■ **DESCRIPTION OF THE TASK**
Once the line containing "Siemens 6ES7231-5PD32-0XB0" is found, set down that line and each one after it exactly, through the end of the entries.

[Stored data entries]
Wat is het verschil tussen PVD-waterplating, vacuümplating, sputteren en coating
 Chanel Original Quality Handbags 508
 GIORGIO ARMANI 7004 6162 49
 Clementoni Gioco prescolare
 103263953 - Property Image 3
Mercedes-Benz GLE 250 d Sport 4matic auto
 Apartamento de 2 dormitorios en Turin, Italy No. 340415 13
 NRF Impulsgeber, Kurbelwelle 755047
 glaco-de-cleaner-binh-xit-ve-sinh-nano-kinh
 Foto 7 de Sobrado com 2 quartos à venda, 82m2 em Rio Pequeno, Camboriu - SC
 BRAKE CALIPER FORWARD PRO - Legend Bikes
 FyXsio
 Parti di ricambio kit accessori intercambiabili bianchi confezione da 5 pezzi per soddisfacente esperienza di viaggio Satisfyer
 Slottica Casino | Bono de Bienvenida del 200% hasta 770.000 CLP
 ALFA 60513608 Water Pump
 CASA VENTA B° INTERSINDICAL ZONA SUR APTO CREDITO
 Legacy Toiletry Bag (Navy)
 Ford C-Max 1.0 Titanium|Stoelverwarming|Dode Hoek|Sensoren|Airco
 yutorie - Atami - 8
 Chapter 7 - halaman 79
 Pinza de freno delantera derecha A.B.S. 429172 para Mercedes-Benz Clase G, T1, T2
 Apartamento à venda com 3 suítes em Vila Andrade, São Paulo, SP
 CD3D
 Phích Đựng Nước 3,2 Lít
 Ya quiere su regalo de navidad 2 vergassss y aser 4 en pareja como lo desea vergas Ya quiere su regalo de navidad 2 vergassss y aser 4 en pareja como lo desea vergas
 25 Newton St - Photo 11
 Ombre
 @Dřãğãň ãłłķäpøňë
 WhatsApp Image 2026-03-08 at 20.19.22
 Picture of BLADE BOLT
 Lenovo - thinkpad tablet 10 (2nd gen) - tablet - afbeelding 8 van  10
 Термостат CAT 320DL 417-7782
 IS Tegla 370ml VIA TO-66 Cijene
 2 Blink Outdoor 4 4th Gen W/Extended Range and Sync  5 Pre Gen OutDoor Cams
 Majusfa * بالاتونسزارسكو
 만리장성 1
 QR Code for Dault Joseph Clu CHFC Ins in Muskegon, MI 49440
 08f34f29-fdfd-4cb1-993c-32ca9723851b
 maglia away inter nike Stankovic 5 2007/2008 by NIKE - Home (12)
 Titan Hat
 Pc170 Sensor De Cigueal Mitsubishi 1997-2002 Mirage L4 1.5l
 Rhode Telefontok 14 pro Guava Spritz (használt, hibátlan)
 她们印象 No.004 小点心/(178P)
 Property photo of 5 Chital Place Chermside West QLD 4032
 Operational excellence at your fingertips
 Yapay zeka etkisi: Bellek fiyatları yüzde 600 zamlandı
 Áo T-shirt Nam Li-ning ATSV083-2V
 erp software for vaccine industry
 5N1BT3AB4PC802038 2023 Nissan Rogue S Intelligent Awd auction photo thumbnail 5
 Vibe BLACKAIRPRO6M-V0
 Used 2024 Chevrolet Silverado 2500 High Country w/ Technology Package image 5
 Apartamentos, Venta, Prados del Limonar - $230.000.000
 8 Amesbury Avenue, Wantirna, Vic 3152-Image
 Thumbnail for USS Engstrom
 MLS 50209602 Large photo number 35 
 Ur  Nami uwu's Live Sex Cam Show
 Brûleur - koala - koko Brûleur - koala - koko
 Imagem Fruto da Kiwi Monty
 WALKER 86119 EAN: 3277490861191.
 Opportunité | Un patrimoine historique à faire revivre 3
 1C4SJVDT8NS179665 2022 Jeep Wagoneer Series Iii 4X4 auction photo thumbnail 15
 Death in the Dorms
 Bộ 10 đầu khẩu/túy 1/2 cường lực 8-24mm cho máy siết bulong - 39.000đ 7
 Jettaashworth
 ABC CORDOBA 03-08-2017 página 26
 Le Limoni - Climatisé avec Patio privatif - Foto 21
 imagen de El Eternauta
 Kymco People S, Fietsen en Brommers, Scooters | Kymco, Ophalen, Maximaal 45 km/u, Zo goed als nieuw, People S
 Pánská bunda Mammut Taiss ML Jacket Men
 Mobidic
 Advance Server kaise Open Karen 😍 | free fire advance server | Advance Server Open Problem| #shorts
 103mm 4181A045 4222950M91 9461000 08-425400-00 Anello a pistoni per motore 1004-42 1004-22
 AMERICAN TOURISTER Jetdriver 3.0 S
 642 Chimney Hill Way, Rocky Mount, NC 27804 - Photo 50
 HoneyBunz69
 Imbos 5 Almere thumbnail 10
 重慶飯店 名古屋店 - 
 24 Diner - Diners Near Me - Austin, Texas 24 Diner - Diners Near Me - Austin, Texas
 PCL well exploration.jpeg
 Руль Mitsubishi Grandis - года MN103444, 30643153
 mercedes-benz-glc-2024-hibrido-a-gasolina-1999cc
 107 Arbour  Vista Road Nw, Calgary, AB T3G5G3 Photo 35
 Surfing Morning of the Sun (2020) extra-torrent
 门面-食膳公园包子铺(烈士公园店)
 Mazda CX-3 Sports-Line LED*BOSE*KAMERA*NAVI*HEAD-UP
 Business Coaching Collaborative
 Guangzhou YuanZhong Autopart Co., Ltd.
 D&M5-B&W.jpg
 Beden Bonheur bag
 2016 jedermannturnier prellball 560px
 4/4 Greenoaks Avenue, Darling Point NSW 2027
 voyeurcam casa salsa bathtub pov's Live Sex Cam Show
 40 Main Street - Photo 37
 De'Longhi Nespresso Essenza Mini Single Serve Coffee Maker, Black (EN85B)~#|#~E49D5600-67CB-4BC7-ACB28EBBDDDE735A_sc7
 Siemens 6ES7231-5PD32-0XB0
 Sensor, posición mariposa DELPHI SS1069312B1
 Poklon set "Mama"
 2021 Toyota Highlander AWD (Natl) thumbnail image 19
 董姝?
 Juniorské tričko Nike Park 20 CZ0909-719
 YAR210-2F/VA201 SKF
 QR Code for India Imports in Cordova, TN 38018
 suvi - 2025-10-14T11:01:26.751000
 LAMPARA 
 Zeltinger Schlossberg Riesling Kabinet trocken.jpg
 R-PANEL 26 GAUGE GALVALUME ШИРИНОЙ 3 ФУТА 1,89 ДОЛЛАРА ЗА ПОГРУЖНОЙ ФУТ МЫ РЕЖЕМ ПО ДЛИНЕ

■ **SOLUTION TO THIS EXERCISE**
 Siemens 6ES7231-5PD32-0XB0
 Sensor, posición mariposa DELPHI SS1069312B1
 Poklon set "Mama"
 2021 Toyota Highlander AWD (Natl) thumbnail image 19
 董姝?
 Juniorské tričko Nike Park 20 CZ0909-719
 YAR210-2F/VA201 SKF
 QR Code for India Imports in Cordova, TN 38018
 suvi - 2025-10-14T11:01:26.751000
 LAMPARA 
 Zeltinger Schlossberg Riesling Kabinet trocken.jpg
 R-PANEL 26 GAUGE GALVALUME ШИРИНОЙ 3 ФУТА 1,89 ДОЛЛАРА ЗА ПОГРУЖНОЙ ФУТ МЫ РЕЖЕМ ПО ДЛИНЕ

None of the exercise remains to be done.